Introduction
Quoting from wikipedia:
grep
is a command-line utility for searching plain-text data sets for lines that match a regular expression. Its name comes from the ed commandg/re/p
(global / regular expression search / and print), which has the same effect.
Use of grep
has become so ubiquitous that it has found its way into the Oxford dictionary as well. As part of everyday computer usage, the need to search comes up often. It could be finding the right emoji by name on social media, searching your browser bookmarks, locating a particular function in a programming file and so on.

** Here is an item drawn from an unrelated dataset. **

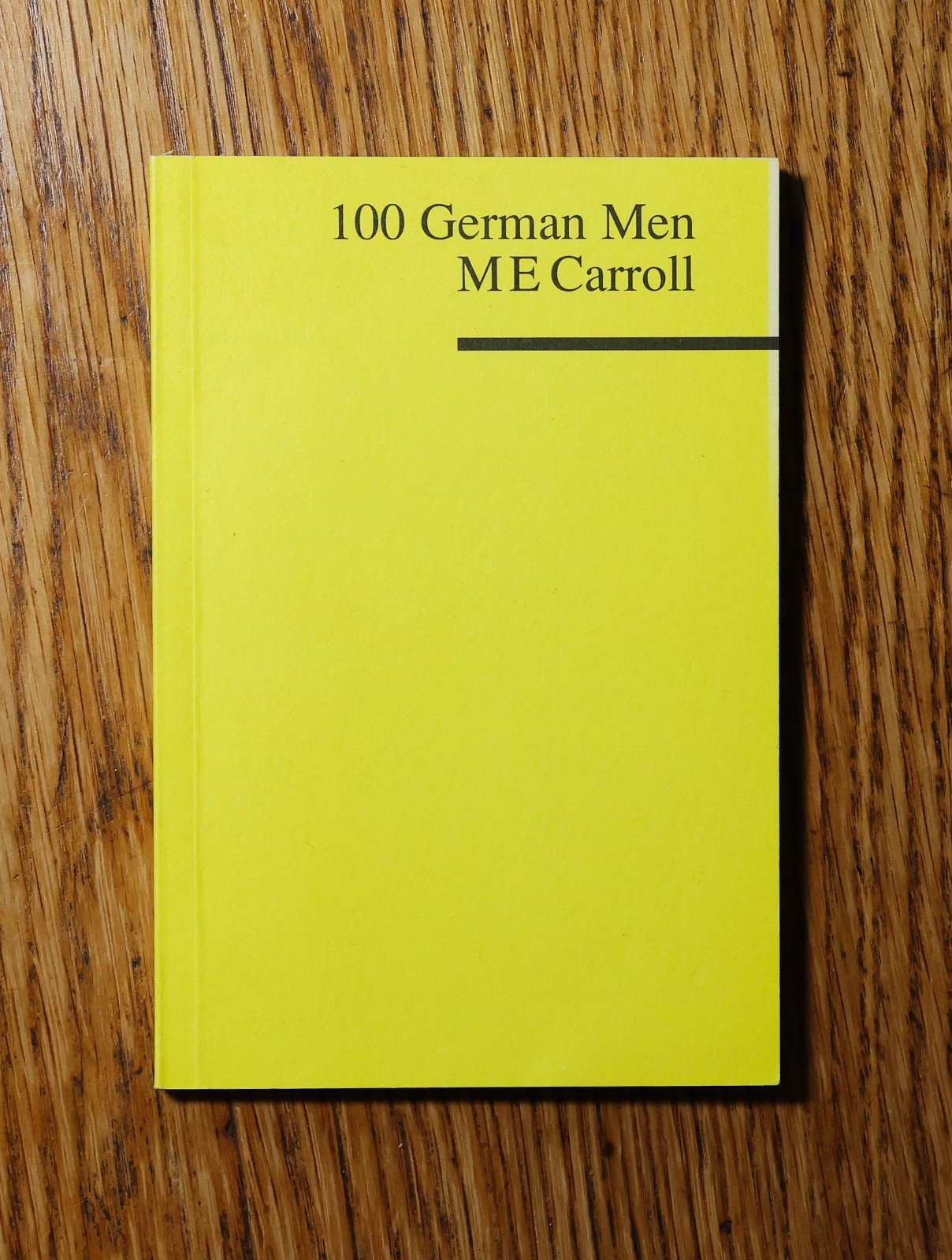 100 German Men: Documentary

Some of these tools have options for refining a search further, like controlling case sensitivity, restricting matches to whole words, using regular expressions, etc.
grep
provides all of the above features and much more when it comes to searching and extracting content from text files. After getting used to grep
, the search features provided by GUI programs feel slower and inadequate.
Installation
If you are on a Unix-like system, you will most likely have some version of grep
already installed. This book is primarily about GNU grep
and also has a chapter on ripgrep
. As there are syntax and feature differences between various implementations, make sure to have these particular commands to follow along the examples presented in this book.
GNU grep
is part of the text creation and manipulation tools and comes by default on GNU/Linux distributions. To install a particular version, visit gnu: grep software. See also release notes for an overview of changes between versions and bug list if you think some command isn't working as expected.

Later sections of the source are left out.